=== Task instructions ===
The pictures are to be left out, and all remaining data is to be transcribed exactly as it appears.

=== Input data ===
----------------

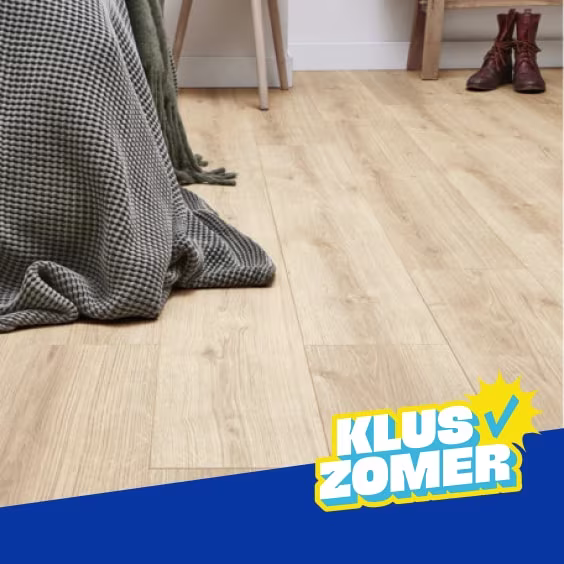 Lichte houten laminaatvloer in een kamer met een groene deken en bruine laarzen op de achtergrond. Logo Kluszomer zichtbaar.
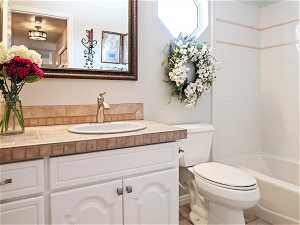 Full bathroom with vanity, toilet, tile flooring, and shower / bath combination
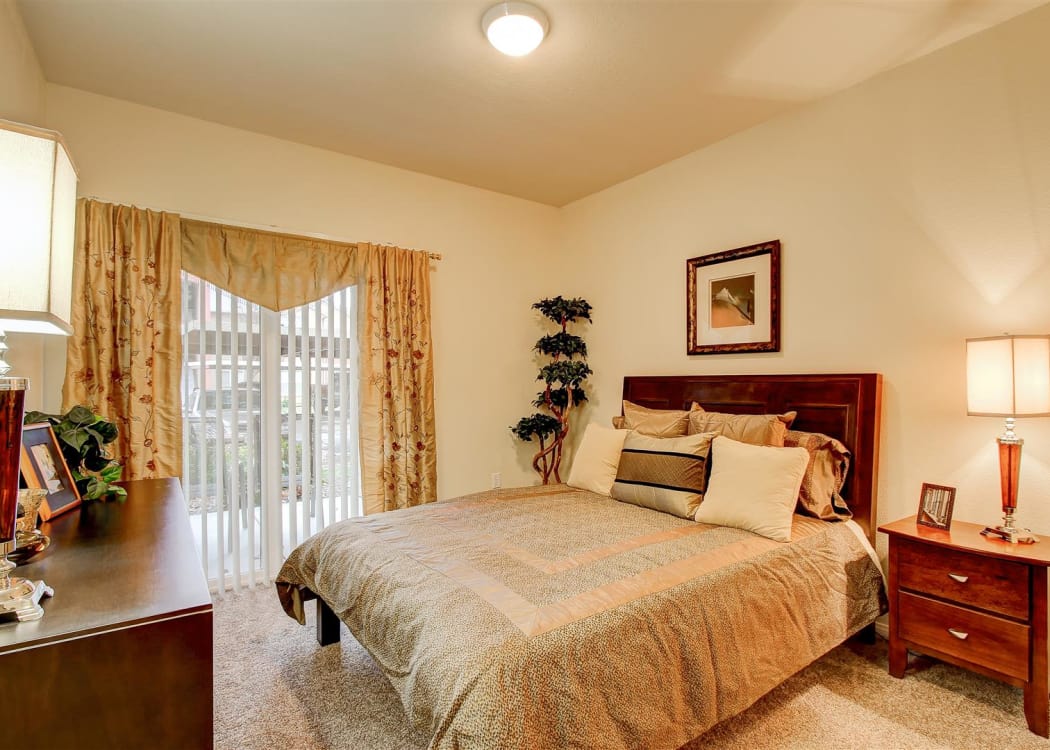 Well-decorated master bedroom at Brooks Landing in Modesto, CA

----------------

=== Problem solution ===
 Lichte houten laminaatvloer in een kamer met een groene deken en bruine laarzen op de achtergrond. Logo Kluszomer zichtbaar.
 Full bathroom with vanity, toilet, tile flooring, and shower / bath combination
 Well-decorated master bedroom at Brooks Landing in Modesto, CA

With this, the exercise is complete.